This too. There are nerd bullies.  The popular girls are not always mean.


----------



## Minerva_Minx (Apr 30, 2022)

The girl is fridged so a male character can grow.  And get a "better" girlfriend.  Seriously, wtf?

Right beside it, kill your gays.  2 characters are gay?  1 WILL die, guaranteed, if not both.  Only 1 of them?  They won't make it out of a non-horror romance movie.

Lesbians?  Those are two straight women doing so many f*****g stereotypes thinking that's what a healthy relationship looks like it's unwatchable.

Watch Peacemaker.  Kill your gays is one of the lesbians drops off halfway through amd the other becomes bi.  The lesbians in question have zero chemistry and are literally there to show the main is gay and then ended.  Biggest joke is octopussies, off  the James Bond movie Octopussy.  Holy crap.

Oh, don't get me started on it's the apocalypse and everyone walks like basic technology of a bicycle is suddenly "wtf is that?!"


----------



## Fluxbender (May 6, 2022)

That one where if you have a pair of characters enter into a relationship, ALWAYS something bad has to happen to them. Either one of them dies tragically or they suddenly hate each other and break up. Nobody is allowed to just be in a relationship, gotta milk that drama!

The one where a female character (usually the only female character, or the only one that isn't a bad guy or a one-off character) exists solely to be a trophy for the main guy to 'win' at the end (you know, 'the guy always gets the girl'). Most of the time this female character is so pathetic and dumb (and annoying!) too.

The one where a character 'appears' to die, everyone goes over to their body looking all sad, sad music starts playing — WAIT. NOPE. HE'S ALIVE GUYS. Que everybody cheering!

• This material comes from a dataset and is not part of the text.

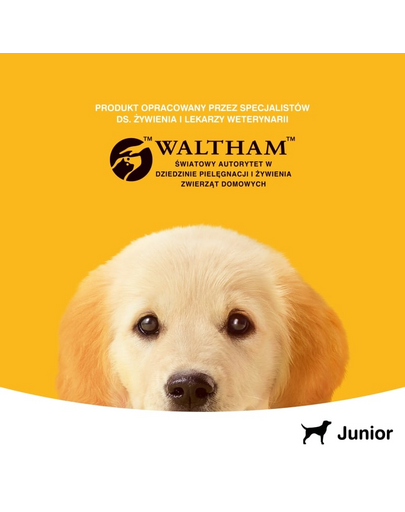 PEDIGREE Junior Hrana umeda catei, cu Pui in Aspic 400 g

Introverts being secret moustache-twirling villains who want to kill everyone, take over the world, screw everybody over in some fashion, or just a plain old serial killer, meanwhile extroverts are seen as the ultimate philanthropists and all-round good guys. The Incredibles 2 pissed me off so much because of this. I have to put up with this crap stigma in person, AND in the movies...

The one where nerds are portrayed as dopey wimps who are always getting made fun of and/or bullied into the dirt, and everyone in-universe accepts it because they're so 'weird' and 'awkward' so I guess they must deserve it. Can't say I've ever seen a movie a movie where it was the other way around, where the nerd was the well-respected 'sexy' person, who may even be a bully picking on others 'for being dumb'. That would be an interesting trope aversion!

Of animated movies: the female character(s) (usually the only female character) HAS to be pink, or wear pink, or wear a bow, or have long or 'cutesy' hair (like pigtails), or some other over-the-top 'I'M A GIRL' sign plastered over their design (even if they are an animal). If there are two females, then one is pink and the other is lavender. Bonus annoying points if the main male character is blue.



Deleted member 134556 said:


> No one I've ever talked to did this in real life


I've done this before when I didn't really want to talk to someone (usually when I was in a bad mood). It's a passive-aggressive gesture. I agree that it gets overused and can unintentionally make one character look like they don't care what the other character is saying.


----------



## QueenSekhmet (May 6, 2022)

"macho" anything. nothing pisses me off in a movie than the main character being this overly macho jack ass powered by 100% pure testosterone and sexism for the sake of being "manly". that's NOT what a REAL man is like and if any guy were to dare approach me with even a quarter of those traits,they'd be looking at a fist in their face and a boot up their ass faster than they can flex a single muscle.


----------



## Deleted member 127940 (May 6, 2022)

QueenSekhmet said:


> "macho" anything. nothing pisses me off in a movie than the main character being this overly macho jack ass powered by 100% pure testosterone and sexism for the sake of being "manly". that's NOT what a REAL man is like and if any guy were to dare approach me with even a quarter of those traits,they'd be looking at a fist in their face and a boot up their ass faster than they can flex a single muscle.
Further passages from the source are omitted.